Activity: The output should be every line below, retyped exactly, with no images.

☆ ☆ ☆

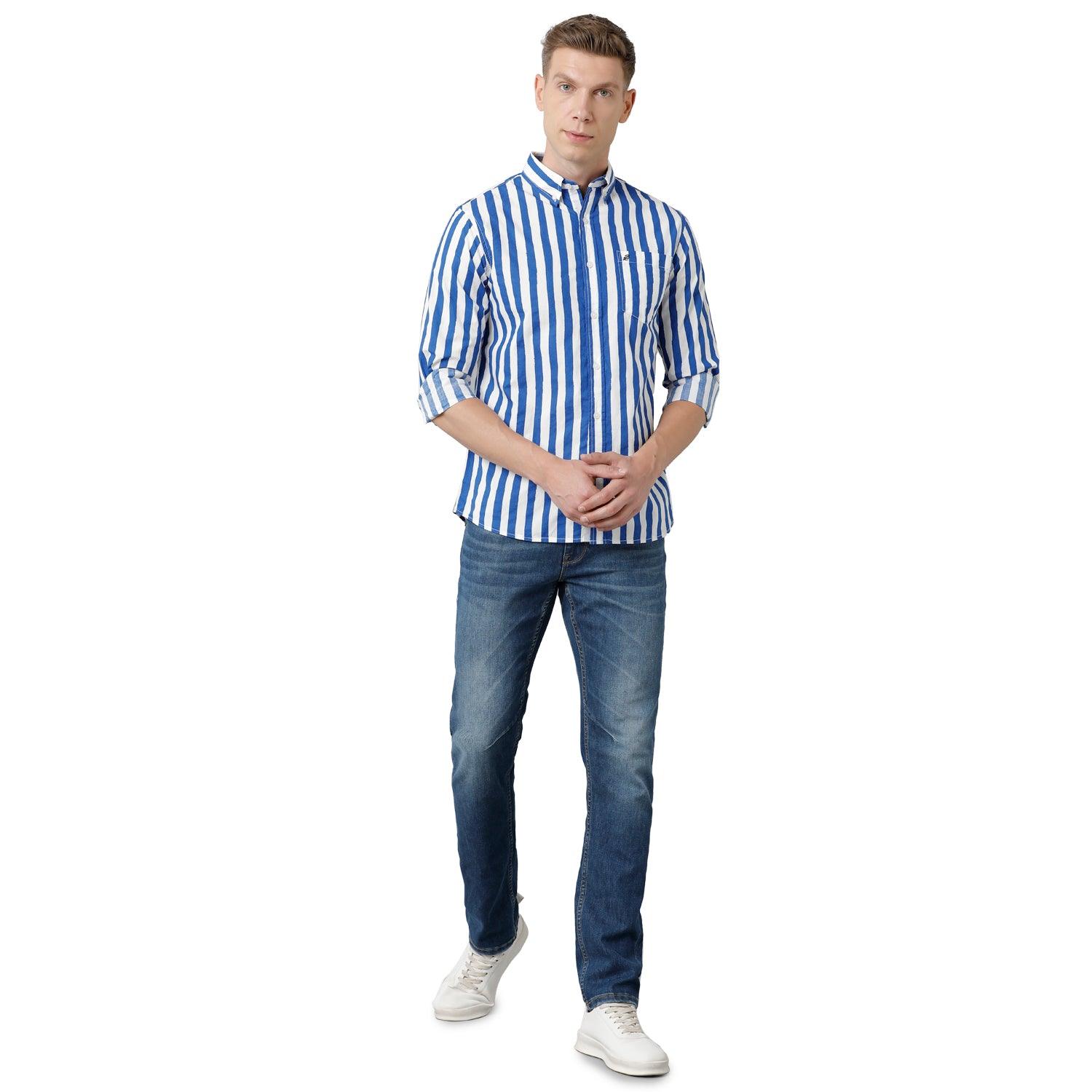 Double Two Men Stripes Blue:White Button Down Slim Fit Casual shirt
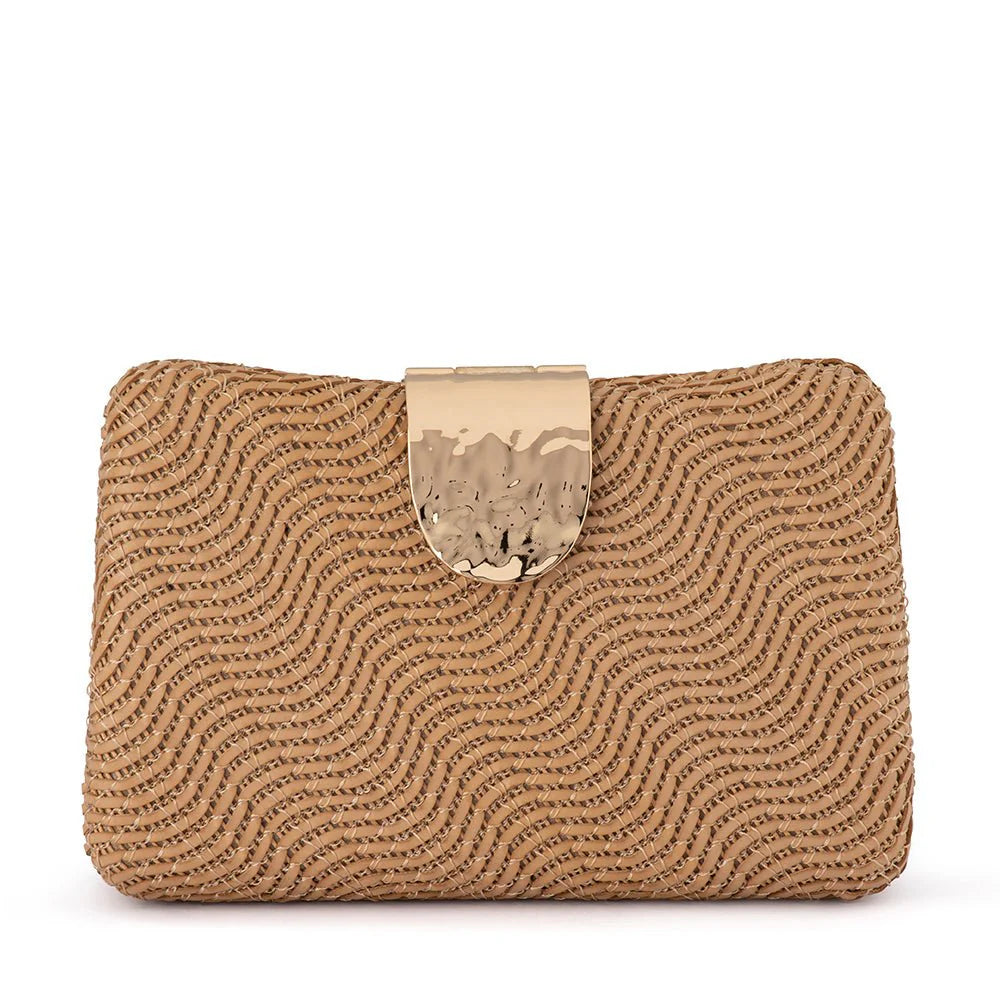Olga Berg LINDY Woven Clutch - Natural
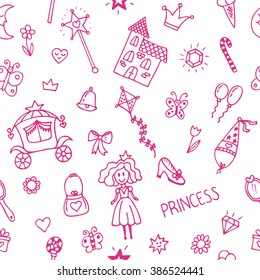 Hand drawn seamless pattern with princess girl doodle design elements. Sketchy fairy tale princess background. Vector illustration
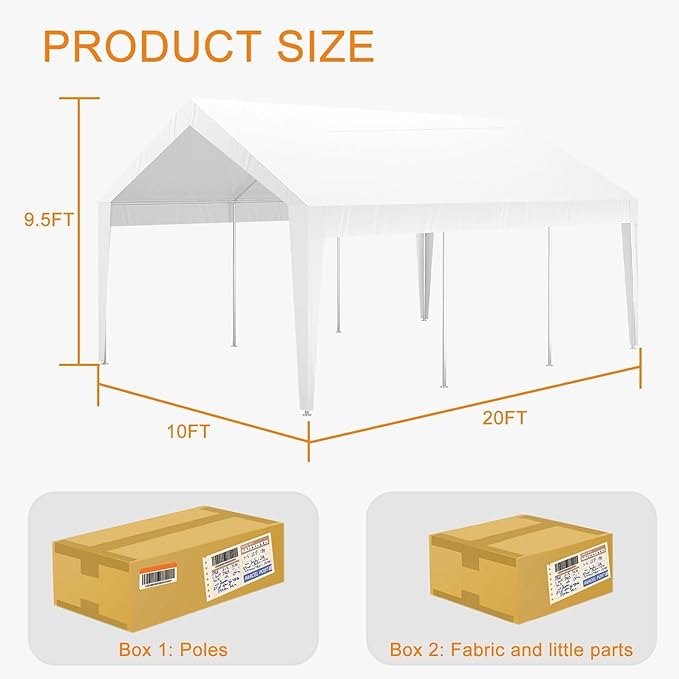10x20ft Metal Carport Garage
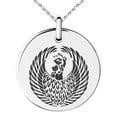 thumbnail image 1 of Stainless Steel Hatano Samurai Crest Engraved Small Medallion Circle Charm Pendant Necklace, 1 of 1
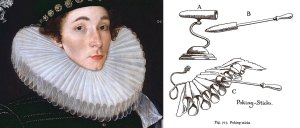 Cornelis Ketel. Retrato de Richard Goodricke de Ribston (detalle) e ilustración de 'planchador' de cuello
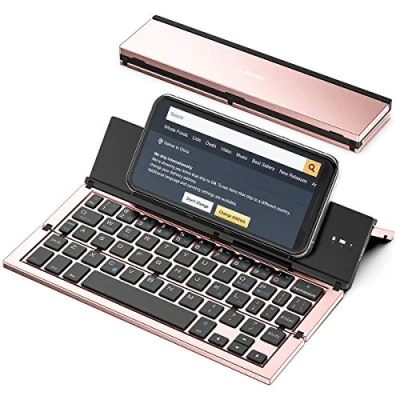 Abbildung von booxi Geyes Faltbare Bluetooth Tastatur, Kabellose Minitastatur, Tragbar USB Wiederaufladbar Mini Funktastatur, Tri fold Keyboard für iOS,Android,Windows,Tablet,PC,Laptop,Smartphone(Roségold)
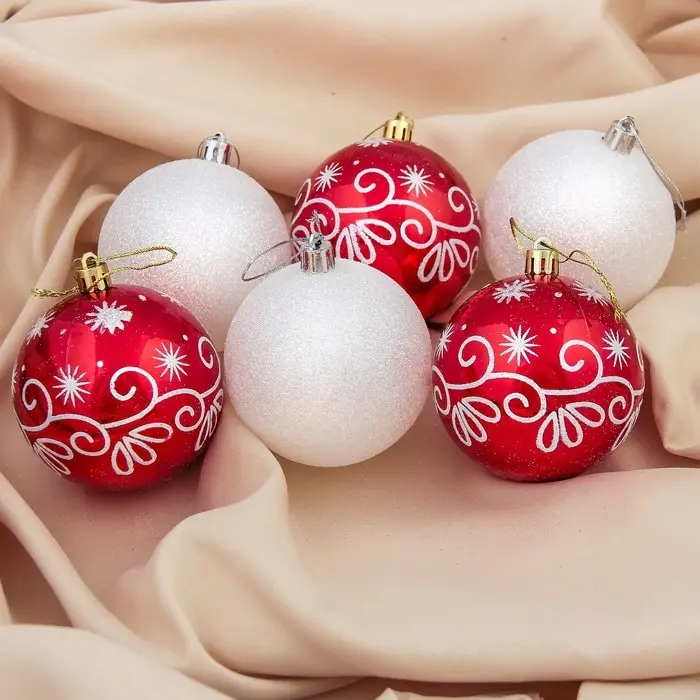 Набор шаров пластик Д-8 см 6 шт Изящный узор красно-белый | Дом и сад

☆ ☆ ☆

Result for this task:
 Double Two Men Stripes Blue:White Button Down Slim Fit Casual shirt
Olga Berg LINDY Woven Clutch - Natural
 Hand drawn seamless pattern with princess girl doodle design elements. Sketchy fairy tale princess background. Vector illustration
10x20ft Metal Carport Garage
 thumbnail image 1 of Stainless Steel Hatano Samurai Crest Engraved Small Medallion Circle Charm Pendant Necklace, 1 of 1
 Cornelis Ketel. Retrato de Richard Goodricke de Ribston (detalle) e ilustración de 'planchador' de cuello
 Abbildung von booxi Geyes Faltbare Bluetooth Tastatur, Kabellose Minitastatur, Tragbar USB Wiederaufladbar Mini Funktastatur, Tri fold Keyboard für iOS,Android,Windows,Tablet,PC,Laptop,Smartphone(Roségold)
 Набор шаров пластик Д-8 см 6 шт Изящный узор красно-белый | Дом и сад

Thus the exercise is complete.